● **DATA SECTION**

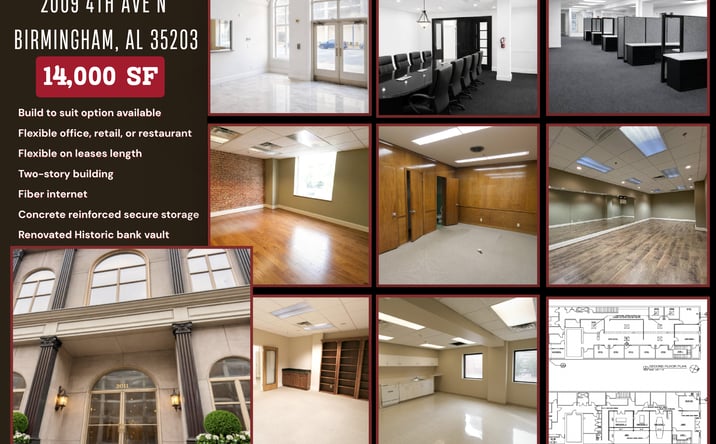 Pictures of Hospitality, Mixed Use, Office, Retail, Special Purpose property located at 2009 4th Ave N, Birmingham, AL 35203 for sales - image #1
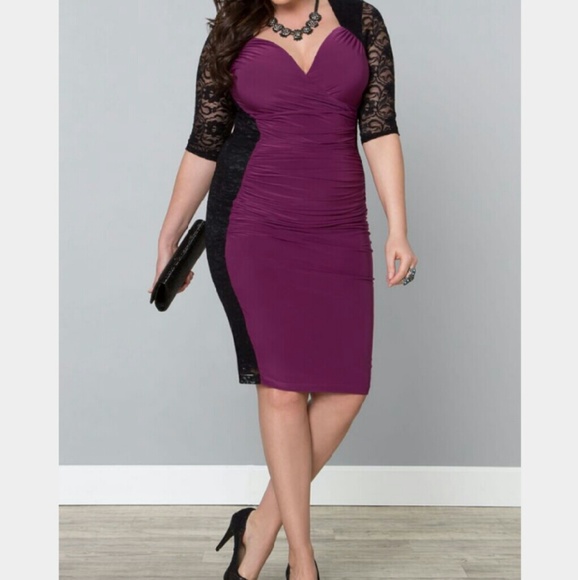 Kiyonna Dresses & Skirts - NWT Valentina Illusion dress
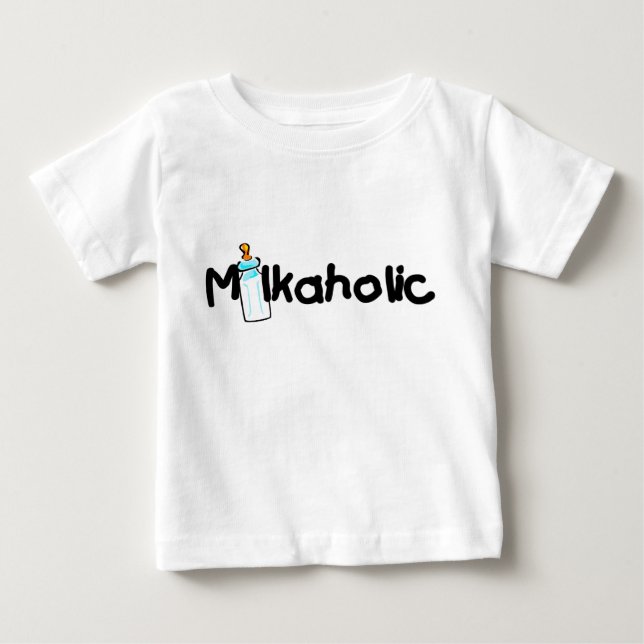 T-shirt Pour Bébé T-shirt bébé Milkaholic (Devant)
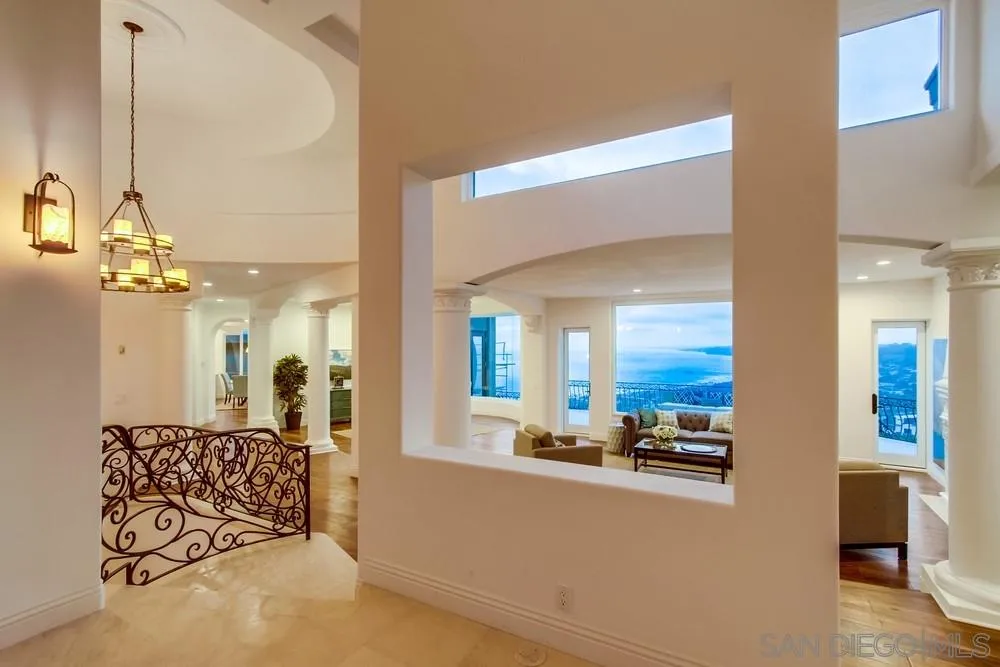7411 Hillside Drive La Jolla, CA 92037 - Photo 7 of 25 a view of a living room and a balcony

● **THE PROBLEM**
Once you find the line with "Kiyonna Dresses &", restate it and every later line of the data word for word, excluding the pictures.

● **FINISHED EXERCISE**
 Kiyonna Dresses & Skirts - NWT Valentina Illusion dress
 T-shirt Pour Bébé T-shirt bébé Milkaholic (Devant)
7411 Hillside Drive La Jolla, CA 92037 - Photo 7 of 25 a view of a living room and a balcony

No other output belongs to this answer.